» **TASK STATEMENT**: Extract every record, exactly as written, and ignore the pictures.

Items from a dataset
++++

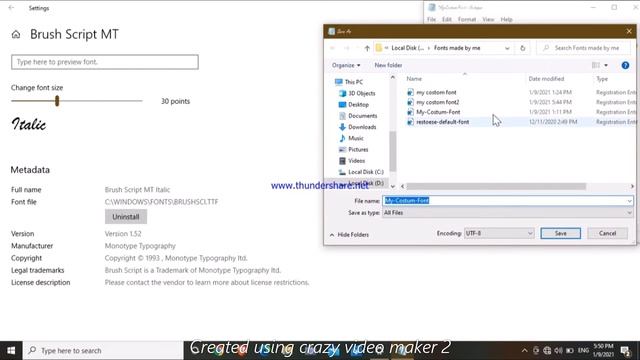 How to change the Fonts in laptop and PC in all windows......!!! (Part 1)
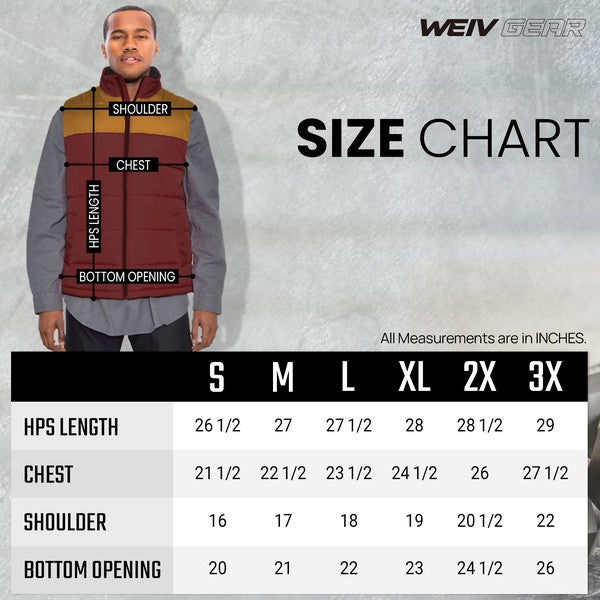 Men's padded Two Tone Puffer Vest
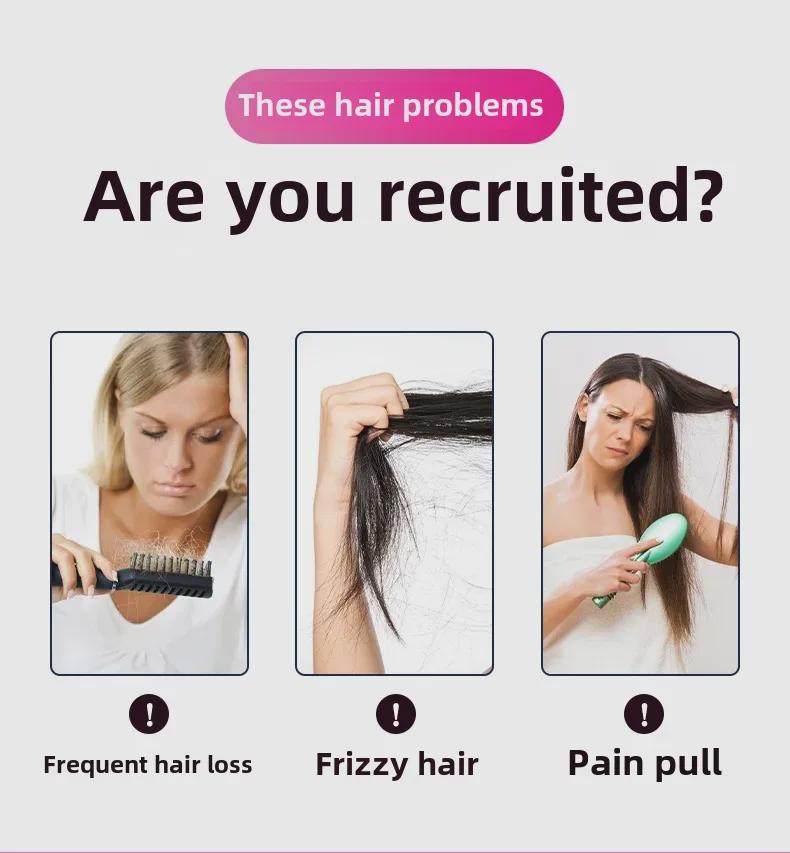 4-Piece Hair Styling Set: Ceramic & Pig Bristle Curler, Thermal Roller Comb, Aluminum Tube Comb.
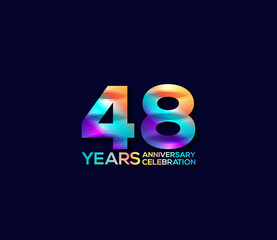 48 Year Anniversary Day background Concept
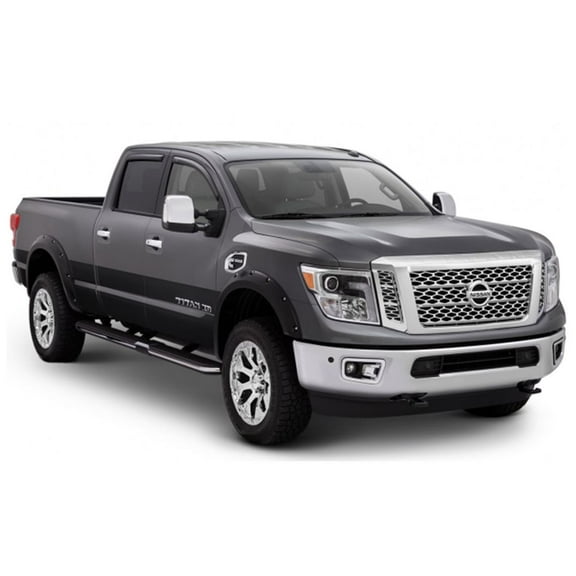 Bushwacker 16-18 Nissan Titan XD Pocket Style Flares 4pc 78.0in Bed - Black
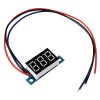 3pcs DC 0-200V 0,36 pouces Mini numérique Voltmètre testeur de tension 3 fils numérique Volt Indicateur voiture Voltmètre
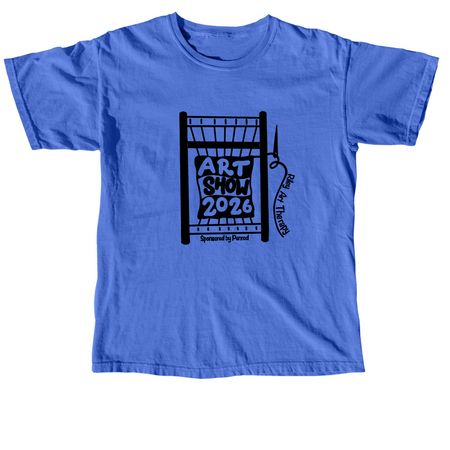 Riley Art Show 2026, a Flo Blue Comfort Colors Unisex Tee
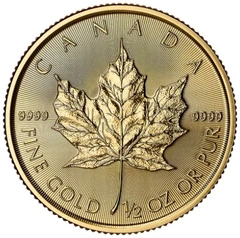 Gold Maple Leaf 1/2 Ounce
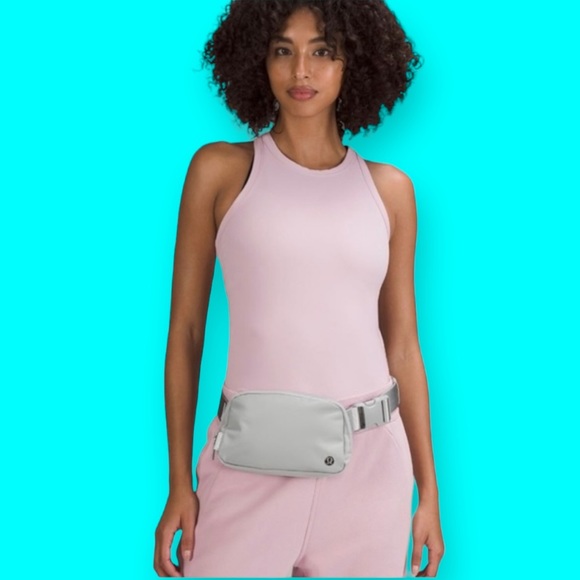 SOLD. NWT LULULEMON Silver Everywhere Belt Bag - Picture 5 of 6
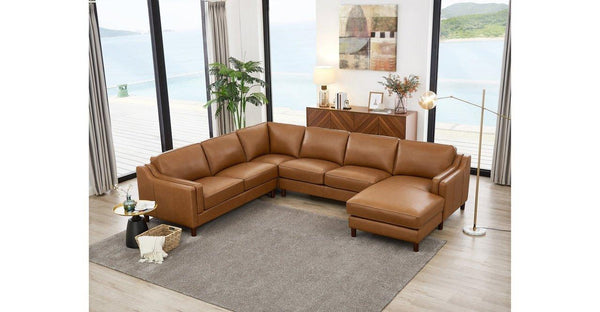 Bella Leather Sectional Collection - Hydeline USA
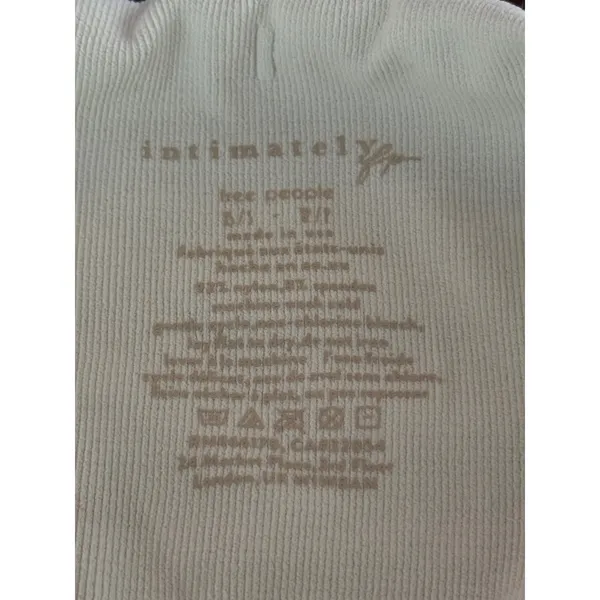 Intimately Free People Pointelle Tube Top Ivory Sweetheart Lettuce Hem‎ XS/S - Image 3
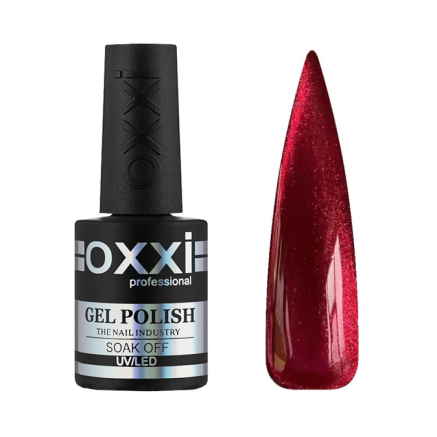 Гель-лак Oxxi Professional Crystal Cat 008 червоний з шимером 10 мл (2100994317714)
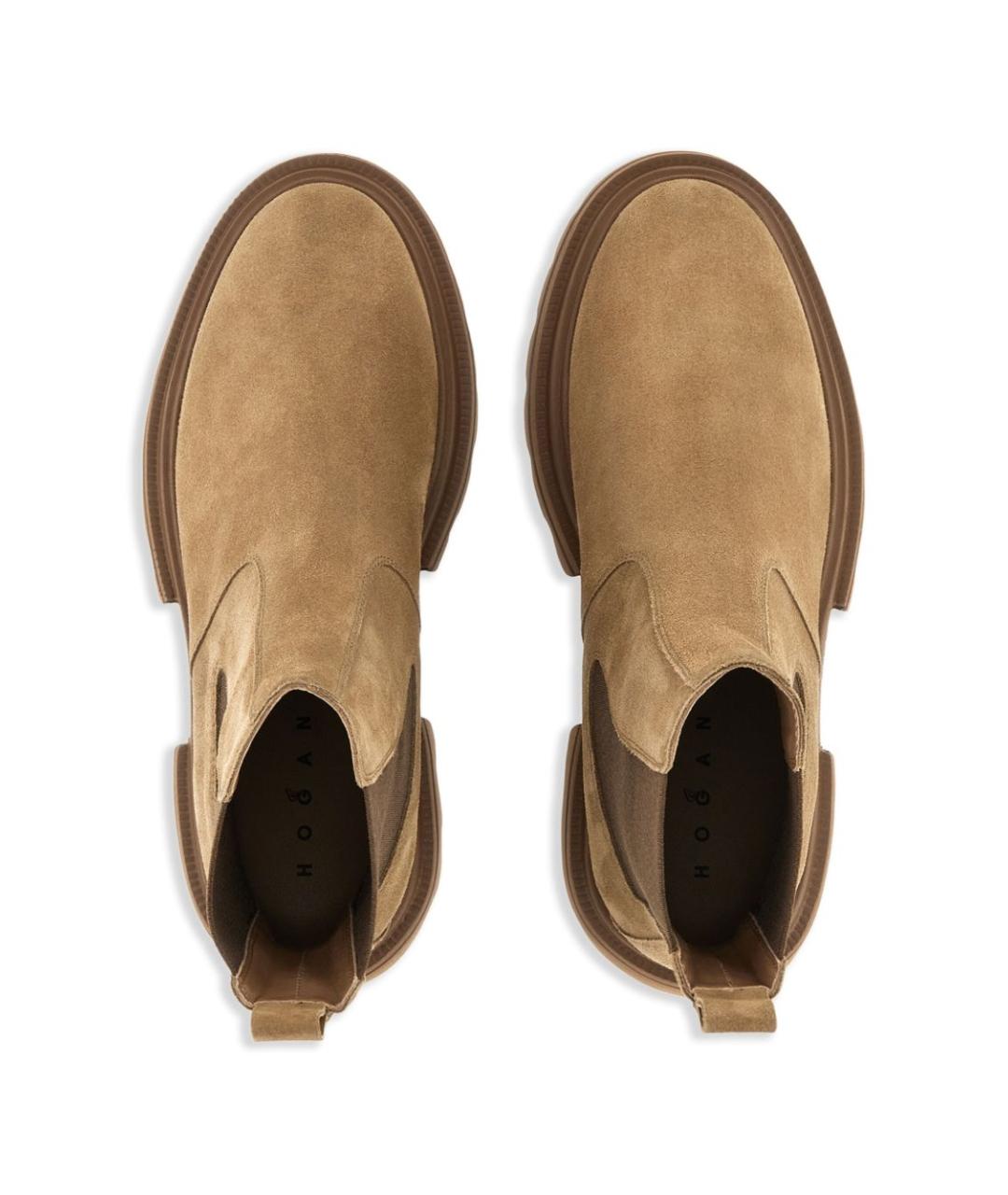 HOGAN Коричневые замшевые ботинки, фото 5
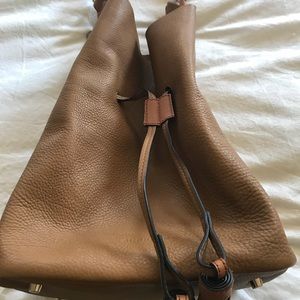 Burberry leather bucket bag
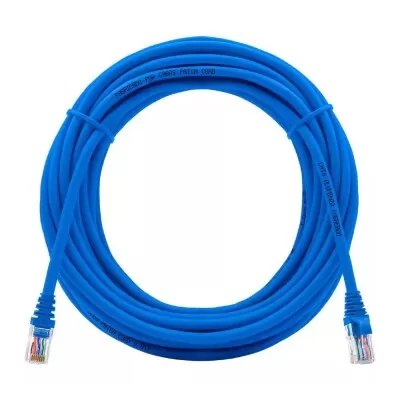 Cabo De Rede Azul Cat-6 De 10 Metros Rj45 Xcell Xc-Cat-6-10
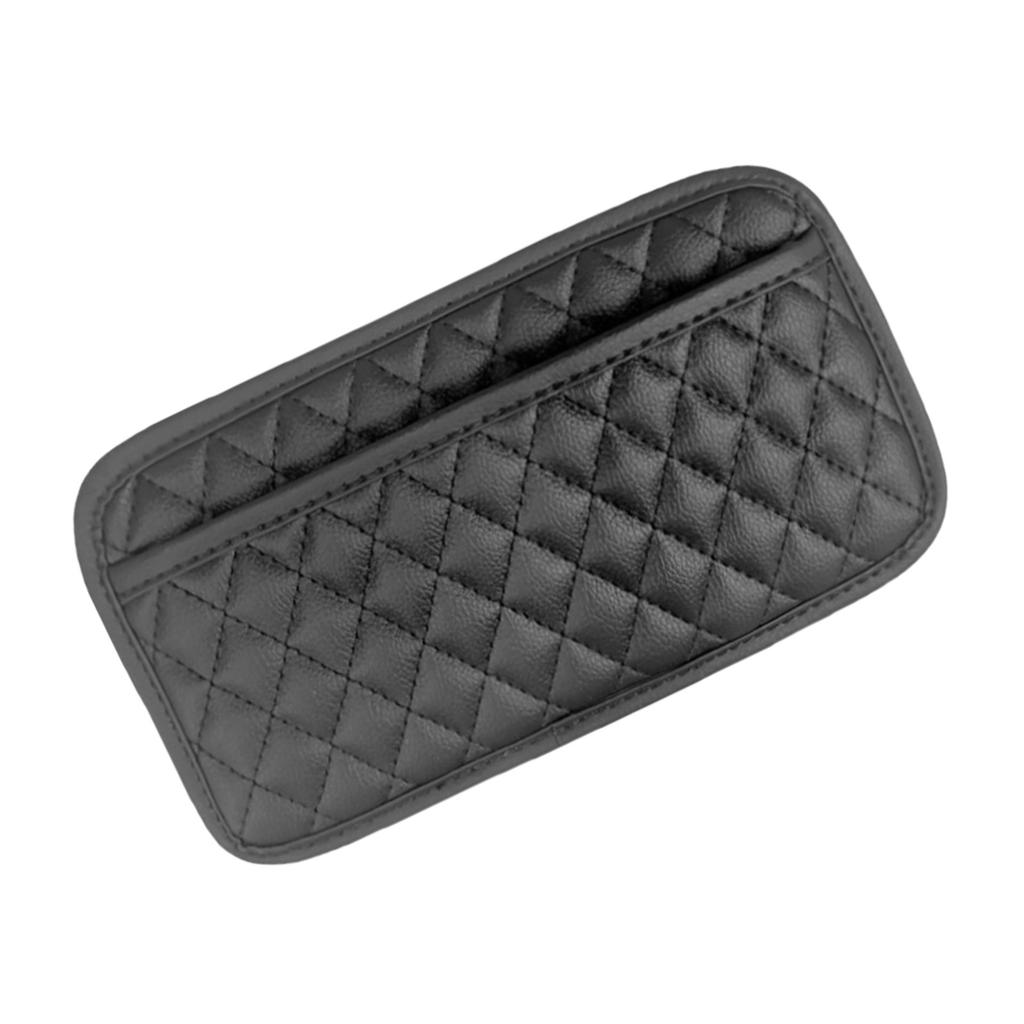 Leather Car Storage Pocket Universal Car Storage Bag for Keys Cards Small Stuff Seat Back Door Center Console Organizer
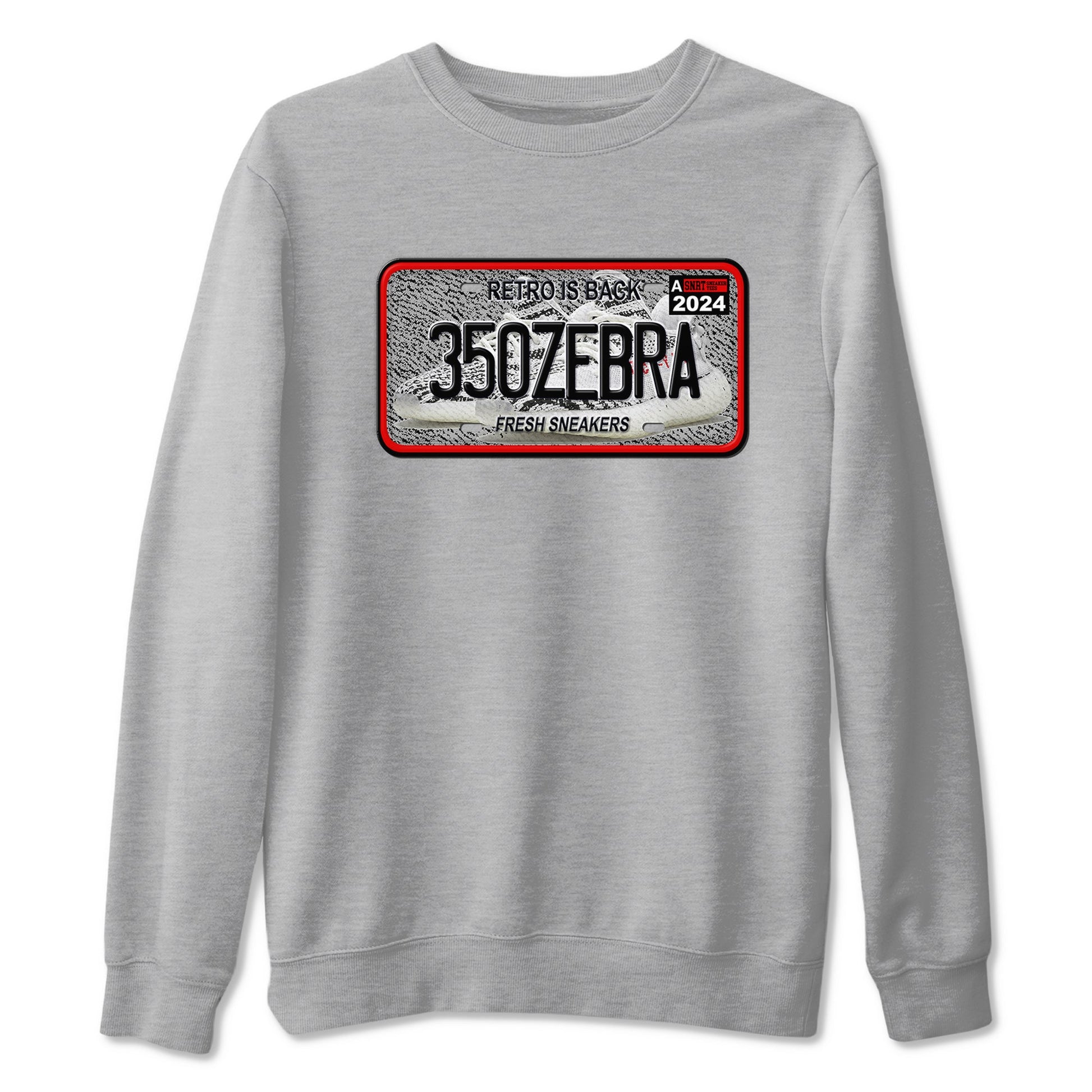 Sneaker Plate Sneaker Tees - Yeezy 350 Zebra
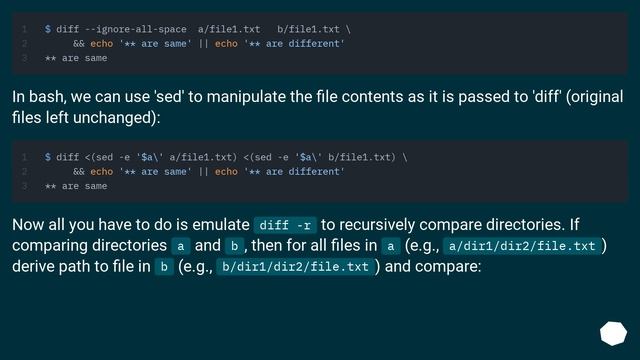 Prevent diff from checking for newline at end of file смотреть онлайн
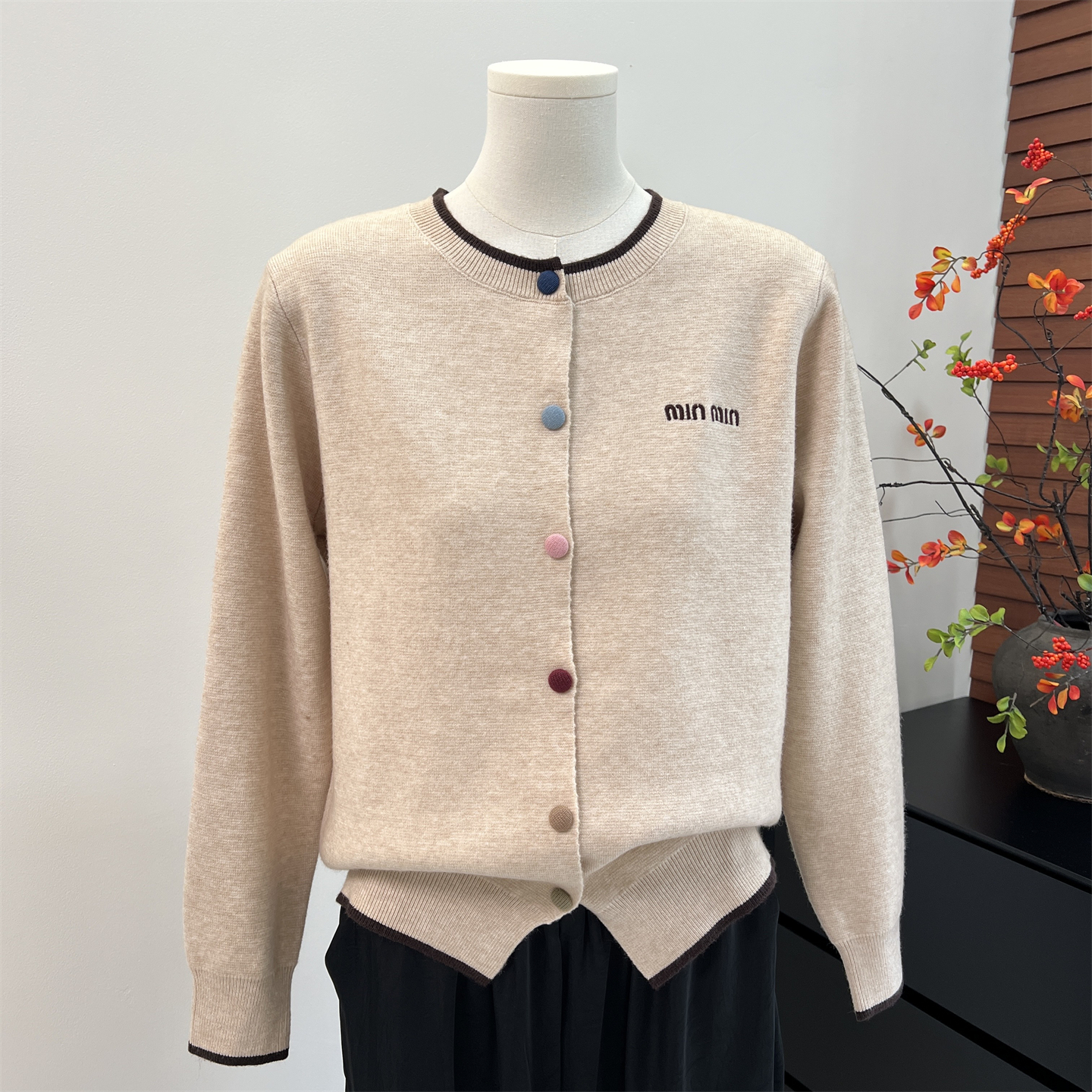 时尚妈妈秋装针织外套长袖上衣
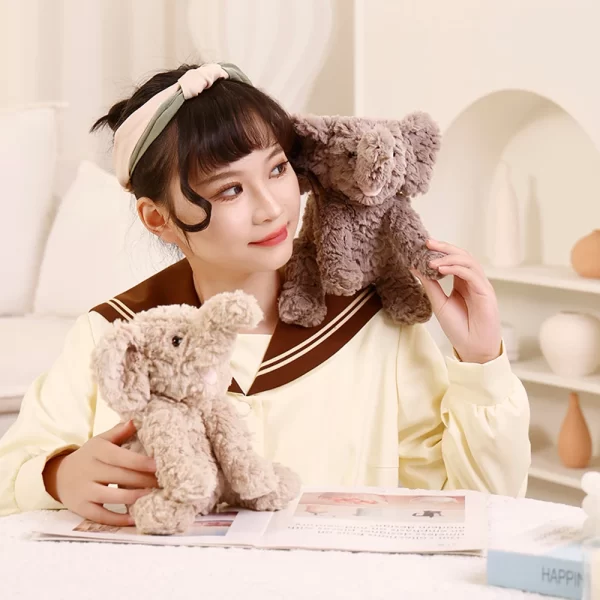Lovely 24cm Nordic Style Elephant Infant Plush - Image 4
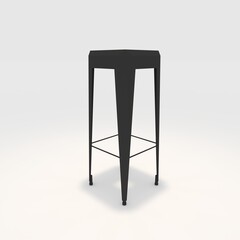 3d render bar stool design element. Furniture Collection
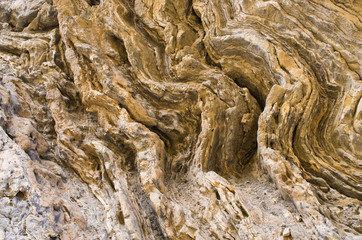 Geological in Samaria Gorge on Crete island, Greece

++++

» **FINISHED TASK**:
 How to change the Fonts in laptop and PC in all windows......!!! (Part 1)
 Men's padded Two Tone Puffer Vest
 4-Piece Hair Styling Set: Ceramic & Pig Bristle Curler, Thermal Roller Comb, Aluminum Tube Comb.
 48 Year Anniversary Day background Concept
 Bushwacker 16-18 Nissan Titan XD Pocket Style Flares 4pc 78.0in Bed - Black
 3pcs DC 0-200V 0,36 pouces Mini numérique Voltmètre testeur de tension 3 fils numérique Volt Indicateur voiture Voltmètre
 Riley Art Show 2026, a Flo Blue Comfort Colors Unisex Tee
 Gold Maple Leaf 1/2 Ounce
 SOLD. NWT LULULEMON Silver Everywhere Belt Bag - Picture 5 of 6
 Bella Leather Sectional Collection - Hydeline USA
 Intimately Free People Pointelle Tube Top Ivory Sweetheart Lettuce Hem‎ XS/S - Image 3
 Гель-лак Oxxi Professional Crystal Cat 008 червоний з шимером 10 мл (2100994317714)
 HOGAN Коричневые замшевые ботинки, фото 5
 Burberry leather bucket bag
 Cabo De Rede Azul Cat-6 De 10 Metros Rj45 Xcell Xc-Cat-6-10
 Leather Car Storage Pocket Universal Car Storage Bag for Keys Cards Small Stuff Seat Back Door Center Console Organizer
 Sneaker Plate Sneaker Tees - Yeezy 350 Zebra
 Prevent diff from checking for newline at end of file смотреть онлайн
 时尚妈妈秋装针织外套长袖上衣
Lovely 24cm Nordic Style Elephant Infant Plush - Image 4
 3d render bar stool design element. Furniture Collection
 Geological in Samaria Gorge on Crete island, Greece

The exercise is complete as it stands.